◆ **PROBLEM STATEMENT**
Write out again the lines from the line with "Welcome to Module" up to and including the line with "And that's it", exactly as they stand below, and skip any picture.

◆ **EXERCISE DATA**
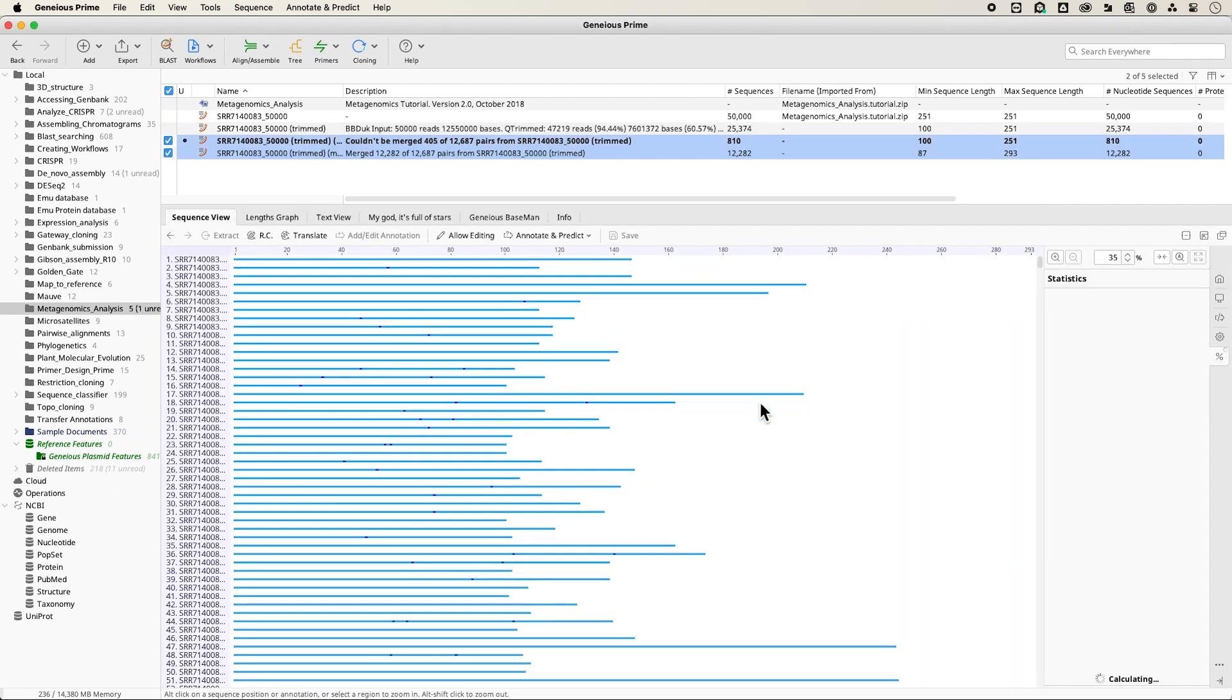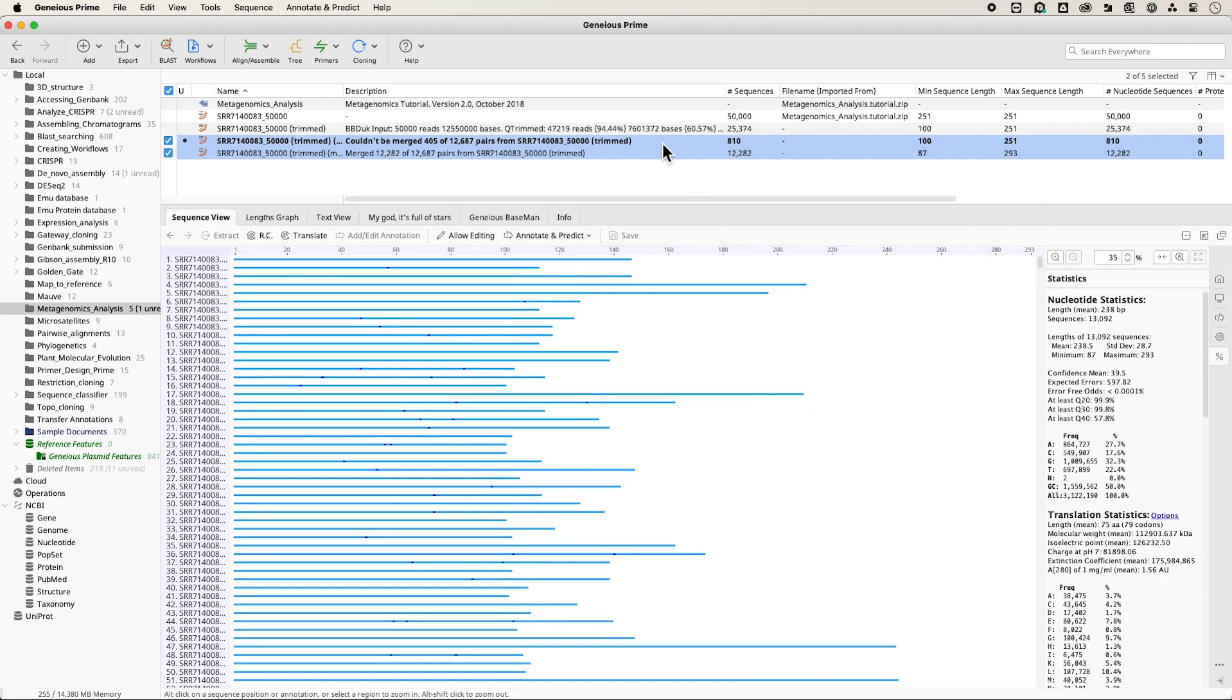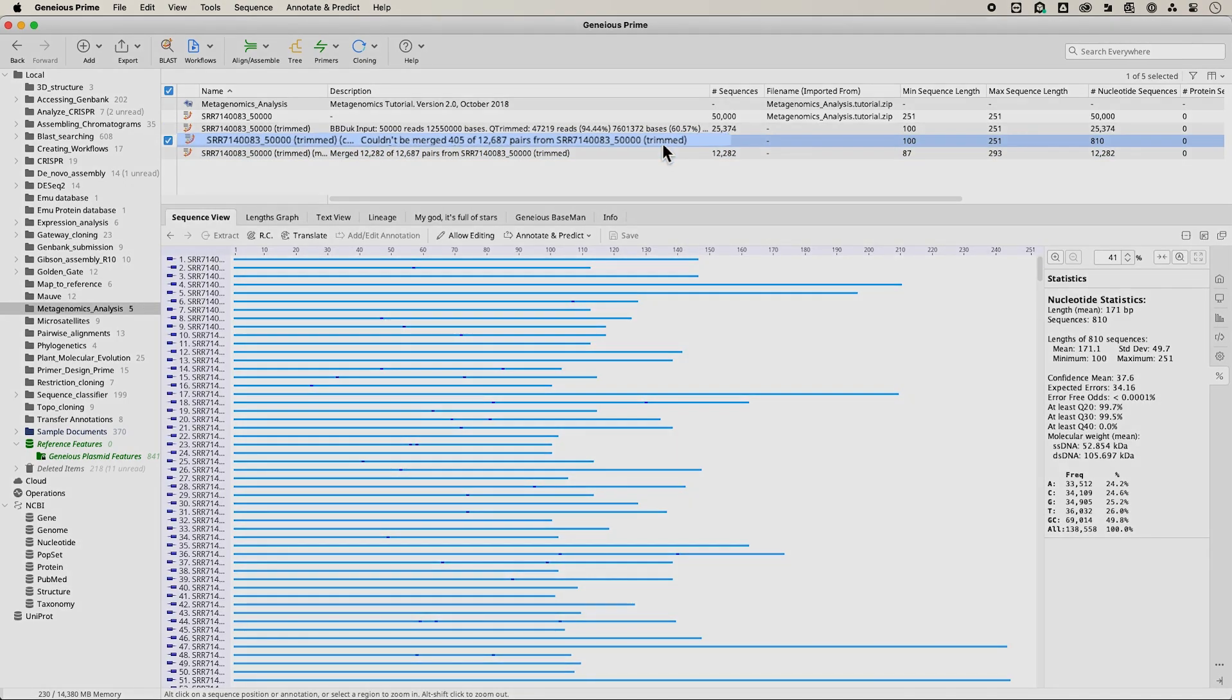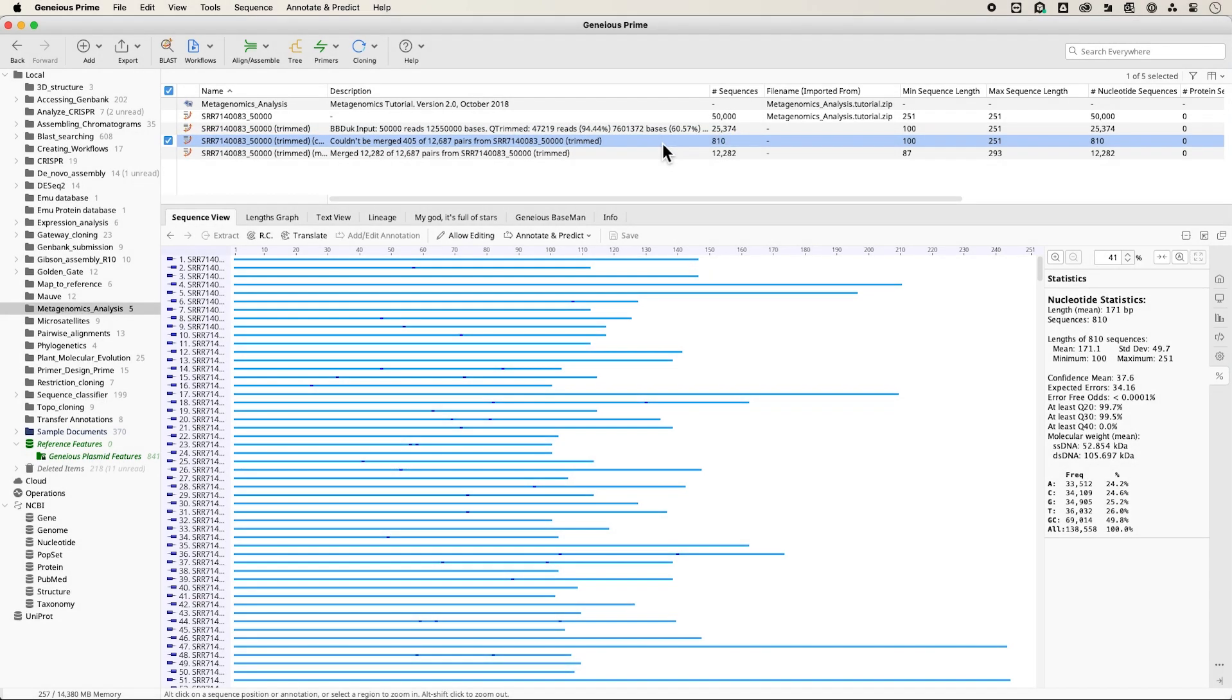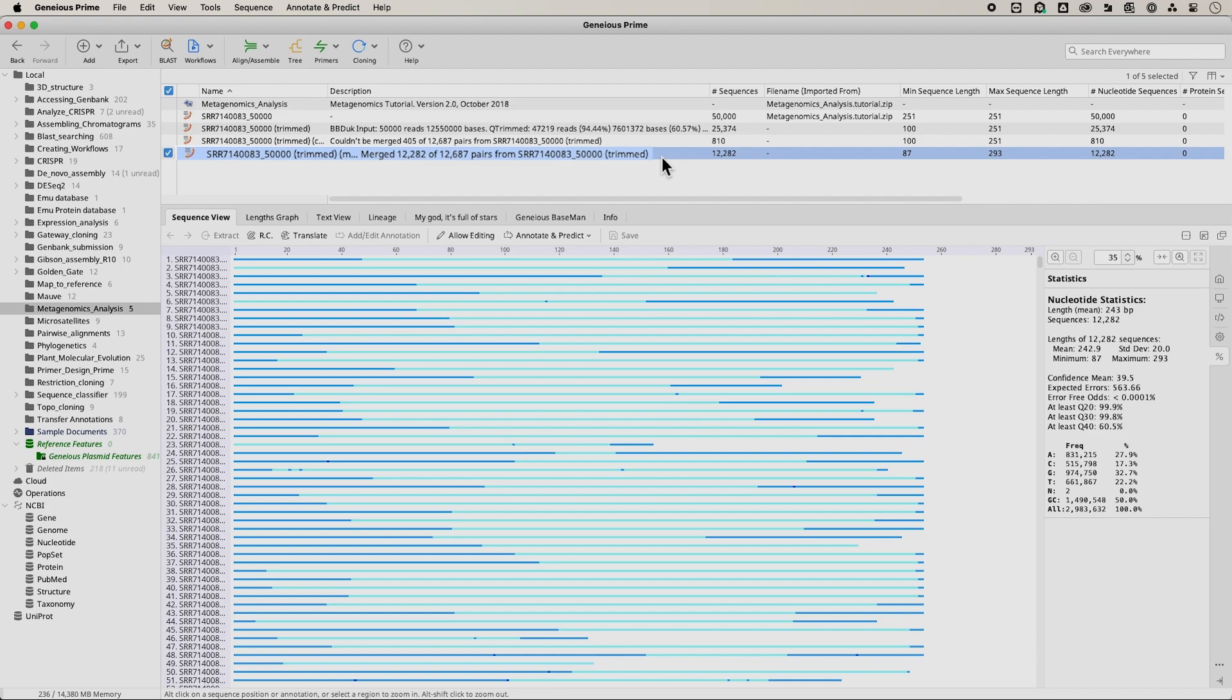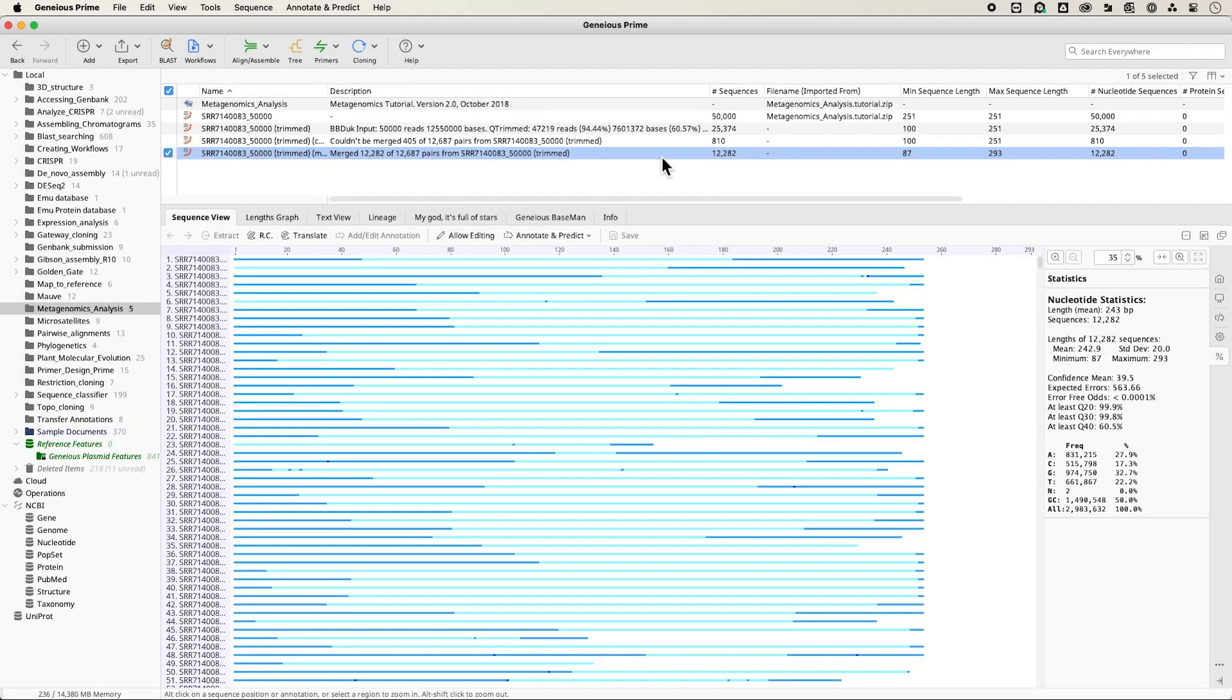Two new files will appear after merging. One file contains unmerged reads, usually because they are too short after quality trimming. This file is labeled 'couldn't be merged'. The other file contains the merged reads.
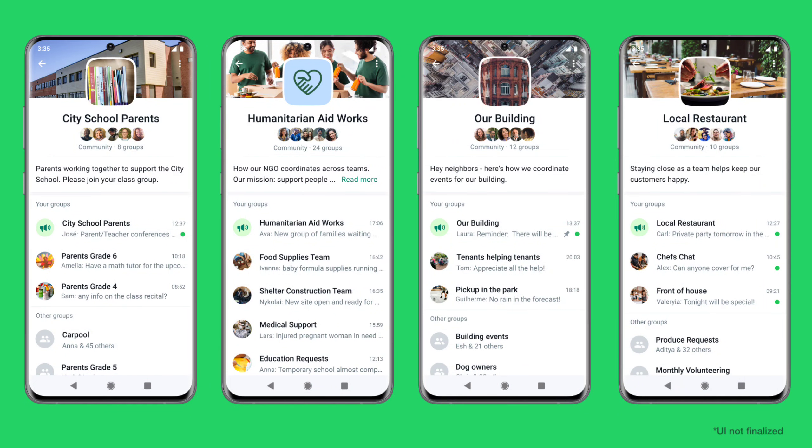Hi guys! There is a new feature in WhatsApp. If you want to make any groups, you will find this feature very useful. It is called the Community feature.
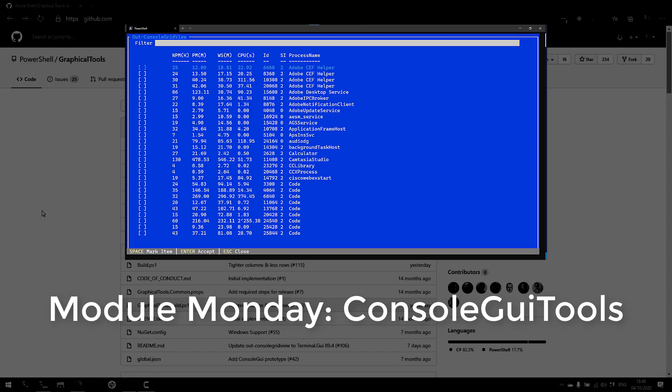Welcome to Module Monday. Module Monday is a video series where I show off a cool PowerShell module every Monday.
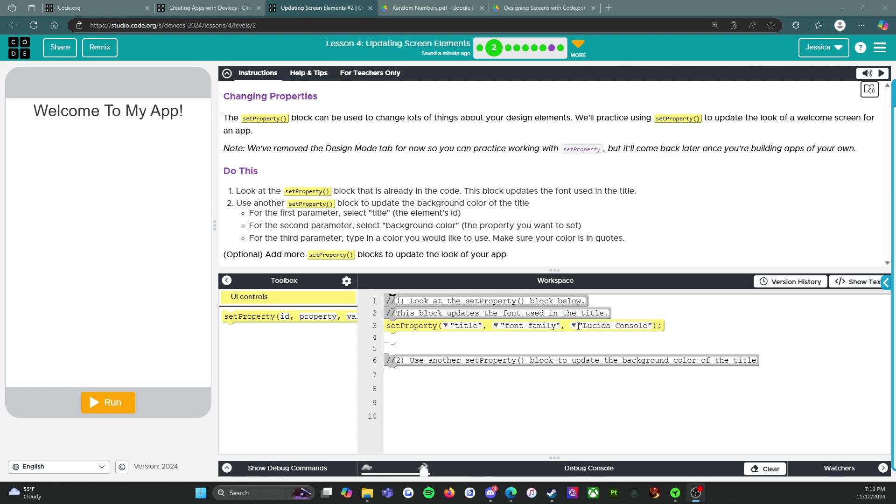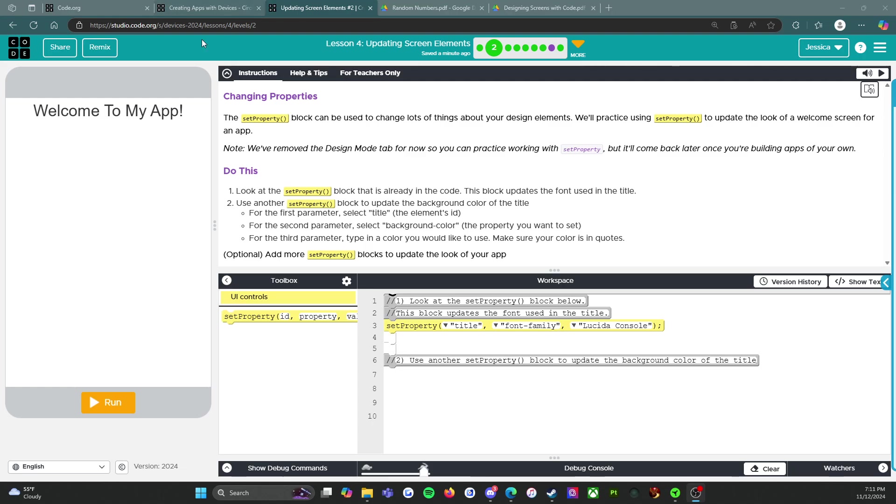All right, use another set property block to update the background color of the title. So down here, line 6 says use another set property block to update the background color of the title. So we're gonna put this here.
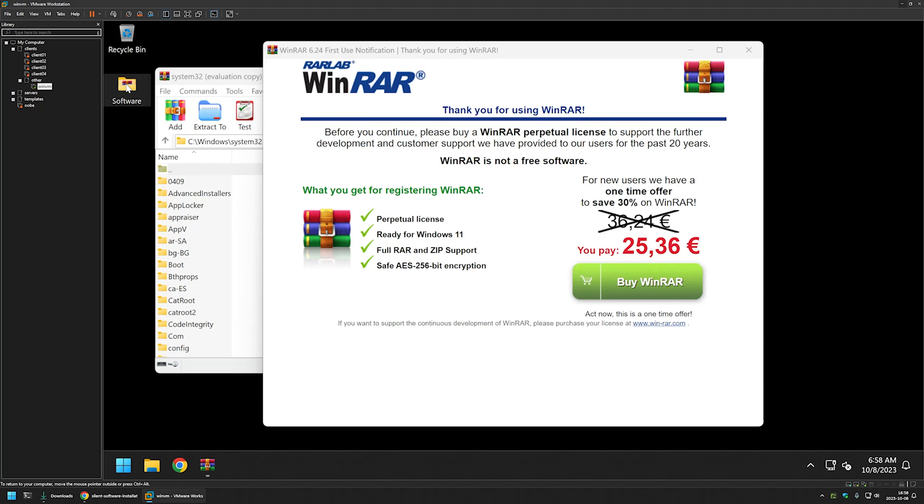And that's it for this video. In the future videos, I will show you how to deploy WinRAR using other software deployment tools such as group policy or PDQ deploy. So like and subscribe if you want to see that and see you in the next one.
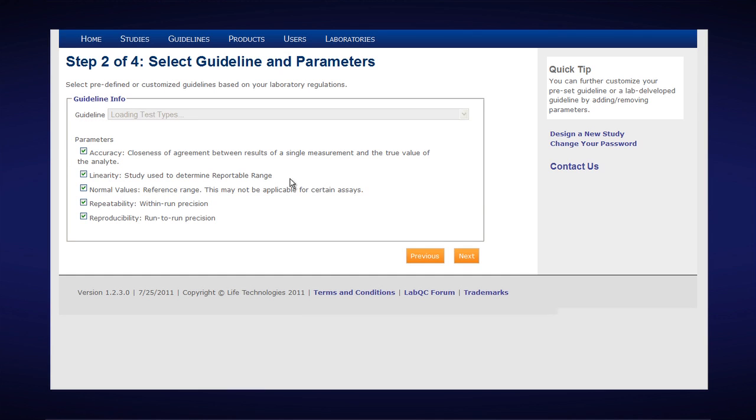Automatically the EZ Validation tool populates the parameters or studies that need to be tested per the CLIR CAP New York State guidelines. We will uncheck, in this case, the normal values since there is no normal value for HIV.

◆ **RESULT OF THIS EXERCISE**
Welcome to Module Monday. Module Monday is a video series where I show off a cool PowerShell module every Monday.
All right, use another set property block to update the background color of the title. So down here, line 6 says use another set property block to update the background color of the title. So we're gonna put this here.
And that's it for this video. In the future videos, I will show you how to deploy WinRAR using other software deployment tools such as group policy or PDQ deploy. So like and subscribe if you want to see that and see you in the next one.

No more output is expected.